• **Task directions**:
The whole answer is the data below, retyped exactly.

Crawled caption data:
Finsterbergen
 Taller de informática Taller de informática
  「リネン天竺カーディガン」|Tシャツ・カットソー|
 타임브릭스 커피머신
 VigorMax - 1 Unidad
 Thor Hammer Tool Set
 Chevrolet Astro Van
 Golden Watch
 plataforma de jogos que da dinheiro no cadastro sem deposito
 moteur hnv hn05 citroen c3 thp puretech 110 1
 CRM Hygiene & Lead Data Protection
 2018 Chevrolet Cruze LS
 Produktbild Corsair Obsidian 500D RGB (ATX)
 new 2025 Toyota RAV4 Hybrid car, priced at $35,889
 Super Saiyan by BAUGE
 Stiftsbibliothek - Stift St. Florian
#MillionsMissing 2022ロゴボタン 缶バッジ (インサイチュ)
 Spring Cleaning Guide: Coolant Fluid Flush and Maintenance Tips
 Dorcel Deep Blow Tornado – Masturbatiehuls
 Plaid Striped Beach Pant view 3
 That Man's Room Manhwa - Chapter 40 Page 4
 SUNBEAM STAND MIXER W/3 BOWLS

• **Task answer**:
Finsterbergen
 Taller de informática Taller de informática
  「リネン天竺カーディガン」|Tシャツ・カットソー|
 타임브릭스 커피머신
 VigorMax - 1 Unidad
 Thor Hammer Tool Set
 Chevrolet Astro Van
 Golden Watch
 plataforma de jogos que da dinheiro no cadastro sem deposito
 moteur hnv hn05 citroen c3 thp puretech 110 1
 CRM Hygiene & Lead Data Protection
 2018 Chevrolet Cruze LS
 Produktbild Corsair Obsidian 500D RGB (ATX)
 new 2025 Toyota RAV4 Hybrid car, priced at $35,889
 Super Saiyan by BAUGE
 Stiftsbibliothek - Stift St. Florian
#MillionsMissing 2022ロゴボタン 缶バッジ (インサイチュ)
 Spring Cleaning Guide: Coolant Fluid Flush and Maintenance Tips
 Dorcel Deep Blow Tornado – Masturbatiehuls
 Plaid Striped Beach Pant view 3
 That Man's Room Manhwa - Chapter 40 Page 4
 SUNBEAM STAND MIXER W/3 BOWLS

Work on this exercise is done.